Dataset records »
• • • • •

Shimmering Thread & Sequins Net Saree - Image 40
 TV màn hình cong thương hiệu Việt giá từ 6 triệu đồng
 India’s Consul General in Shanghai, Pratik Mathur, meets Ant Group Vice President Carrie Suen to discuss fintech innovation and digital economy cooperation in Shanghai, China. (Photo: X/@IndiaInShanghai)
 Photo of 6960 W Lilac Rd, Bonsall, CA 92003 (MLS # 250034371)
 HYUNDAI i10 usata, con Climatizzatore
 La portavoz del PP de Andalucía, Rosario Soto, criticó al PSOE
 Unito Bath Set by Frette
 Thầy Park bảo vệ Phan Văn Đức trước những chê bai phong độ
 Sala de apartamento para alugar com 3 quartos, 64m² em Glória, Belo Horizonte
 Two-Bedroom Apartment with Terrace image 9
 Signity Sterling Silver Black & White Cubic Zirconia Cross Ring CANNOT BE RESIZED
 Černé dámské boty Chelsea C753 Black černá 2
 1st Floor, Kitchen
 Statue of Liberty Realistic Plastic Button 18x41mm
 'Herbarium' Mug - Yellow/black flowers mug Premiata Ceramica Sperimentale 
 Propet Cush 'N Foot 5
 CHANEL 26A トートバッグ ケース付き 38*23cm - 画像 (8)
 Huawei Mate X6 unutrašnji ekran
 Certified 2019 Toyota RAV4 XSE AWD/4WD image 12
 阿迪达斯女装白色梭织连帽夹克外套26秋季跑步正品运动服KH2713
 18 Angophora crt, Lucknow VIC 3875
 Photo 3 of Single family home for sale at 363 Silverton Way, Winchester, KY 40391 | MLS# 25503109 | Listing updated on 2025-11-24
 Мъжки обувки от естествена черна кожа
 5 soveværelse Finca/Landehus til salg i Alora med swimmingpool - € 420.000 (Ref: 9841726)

• • • • •

Task instructions » All of the records go in your answer, copied exactly.

Answer »
Shimmering Thread & Sequins Net Saree - Image 40
 TV màn hình cong thương hiệu Việt giá từ 6 triệu đồng
 India’s Consul General in Shanghai, Pratik Mathur, meets Ant Group Vice President Carrie Suen to discuss fintech innovation and digital economy cooperation in Shanghai, China. (Photo: X/@IndiaInShanghai)
 Photo of 6960 W Lilac Rd, Bonsall, CA 92003 (MLS # 250034371)
 HYUNDAI i10 usata, con Climatizzatore
 La portavoz del PP de Andalucía, Rosario Soto, criticó al PSOE
 Unito Bath Set by Frette
 Thầy Park bảo vệ Phan Văn Đức trước những chê bai phong độ
 Sala de apartamento para alugar com 3 quartos, 64m² em Glória, Belo Horizonte
 Two-Bedroom Apartment with Terrace image 9
 Signity Sterling Silver Black & White Cubic Zirconia Cross Ring CANNOT BE RESIZED
 Černé dámské boty Chelsea C753 Black černá 2
 1st Floor, Kitchen
 Statue of Liberty Realistic Plastic Button 18x41mm
 'Herbarium' Mug - Yellow/black flowers mug Premiata Ceramica Sperimentale 
 Propet Cush 'N Foot 5
 CHANEL 26A トートバッグ ケース付き 38*23cm - 画像 (8)
 Huawei Mate X6 unutrašnji ekran
 Certified 2019 Toyota RAV4 XSE AWD/4WD image 12
 阿迪达斯女装白色梭织连帽夹克外套26秋季跑步正品运动服KH2713
 18 Angophora crt, Lucknow VIC 3875
 Photo 3 of Single family home for sale at 363 Silverton Way, Winchester, KY 40391 | MLS# 25503109 | Listing updated on 2025-11-24
 Мъжки обувки от естествена черна кожа
 5 soveværelse Finca/Landehus til salg i Alora med swimmingpool - € 420.000 (Ref: 9841726)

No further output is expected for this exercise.